Work to be completed -> The copy must match the data word for word and contain no pictures.
Start of Given information
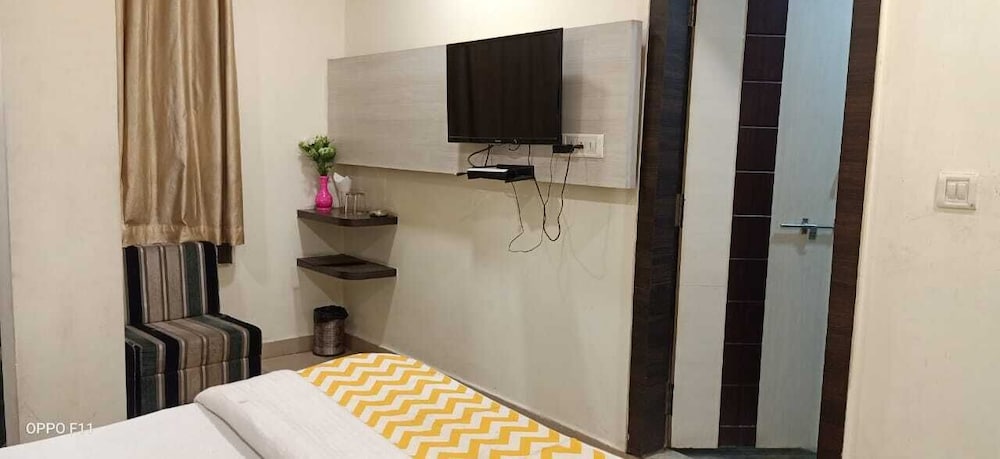 hotel maa ganga palace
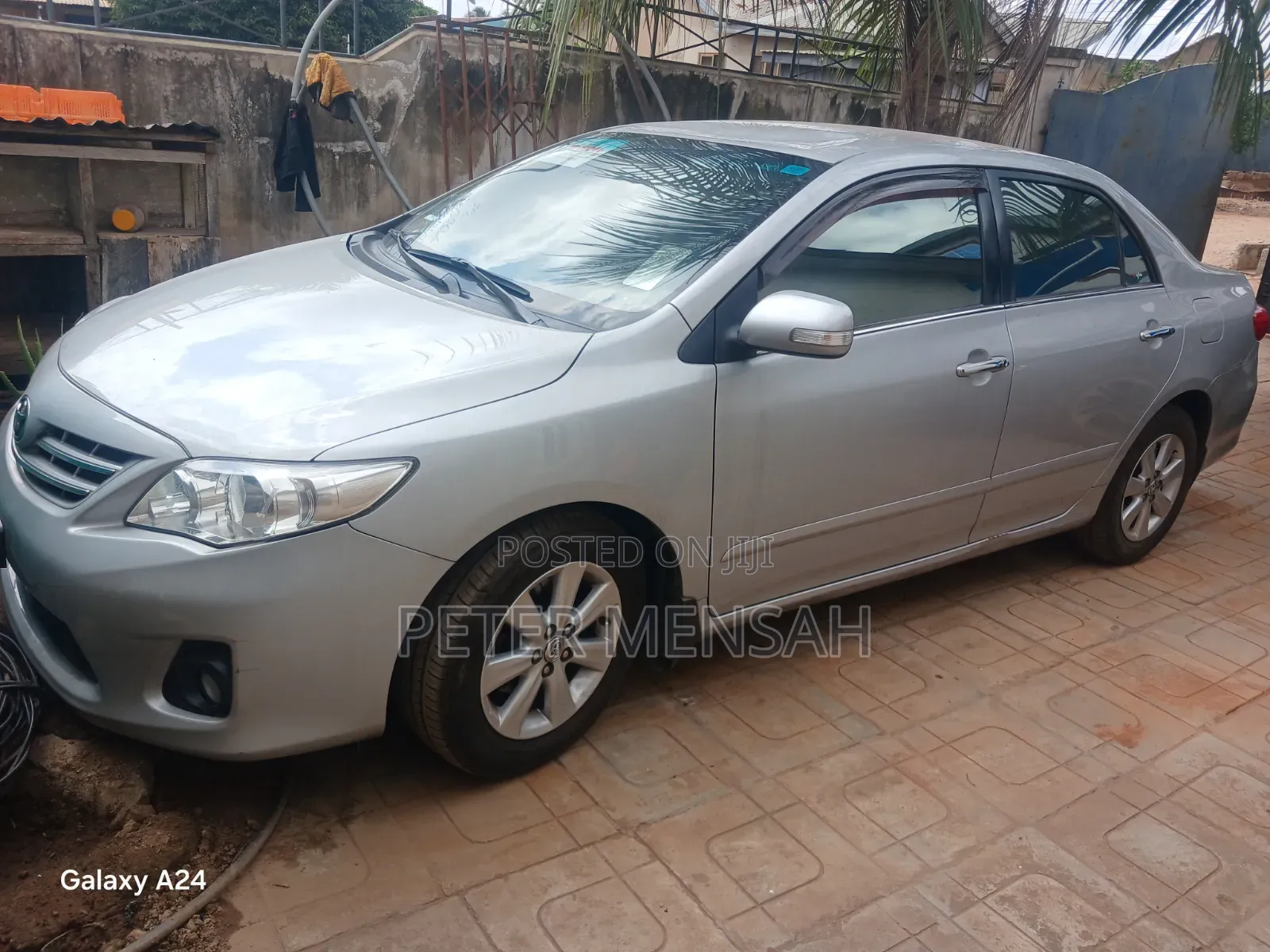 Toyota Corolla Altis 2013 Silver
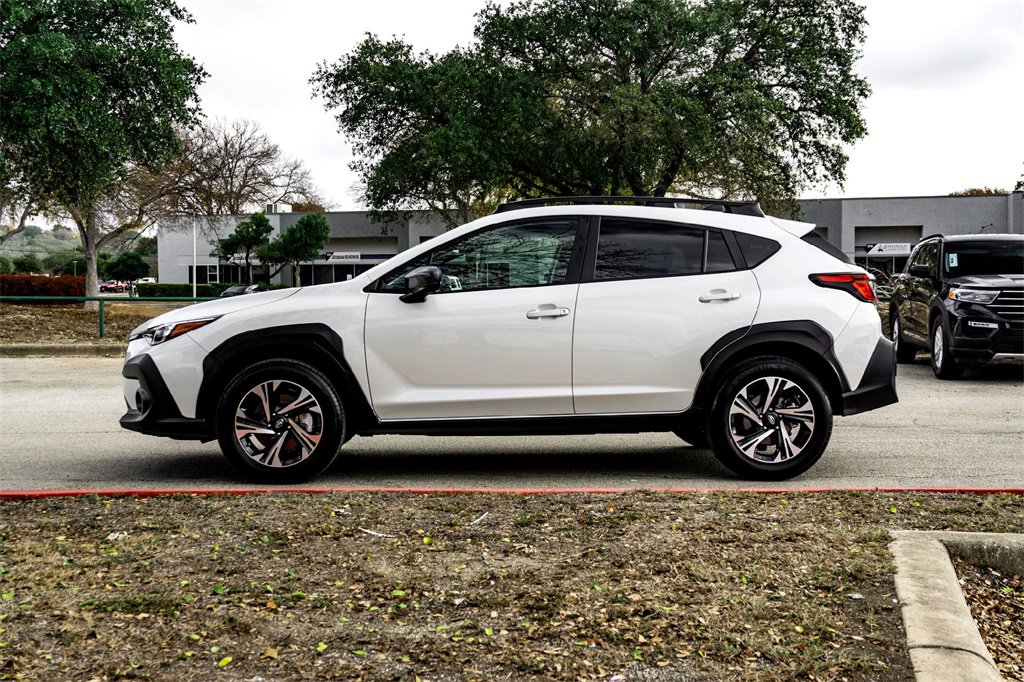 Used 2024 Subaru Crosstrek 2.0i Premium image 8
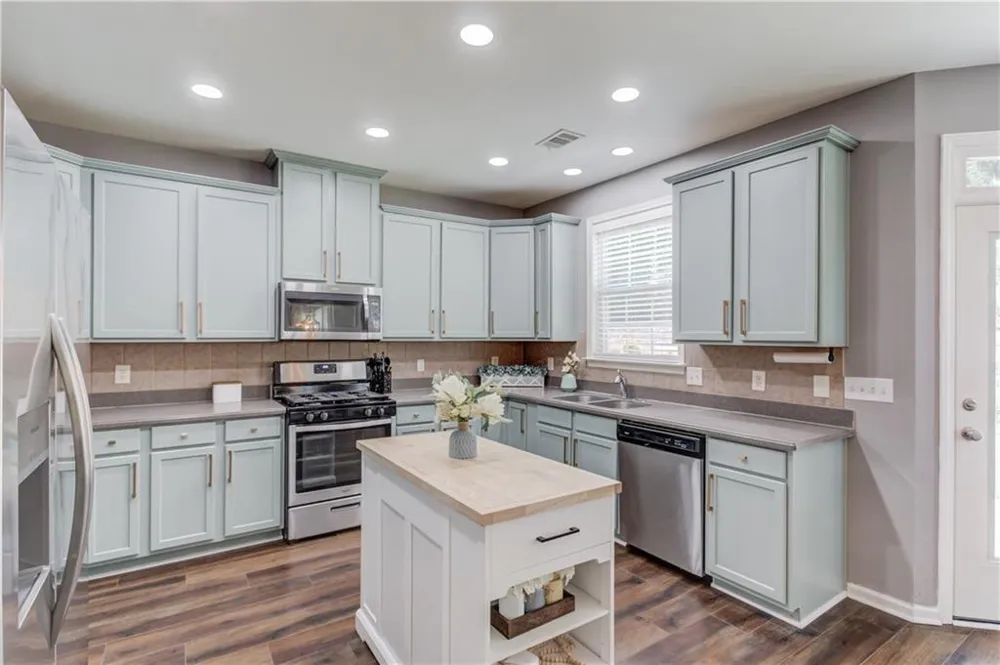 1806 Madrid Falls Road Braselton, GA 30517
End of Given information
Answer to this task ->
 hotel maa ganga palace
 Toyota Corolla Altis 2013 Silver
 Used 2024 Subaru Crosstrek 2.0i Premium image 8
 1806 Madrid Falls Road Braselton, GA 30517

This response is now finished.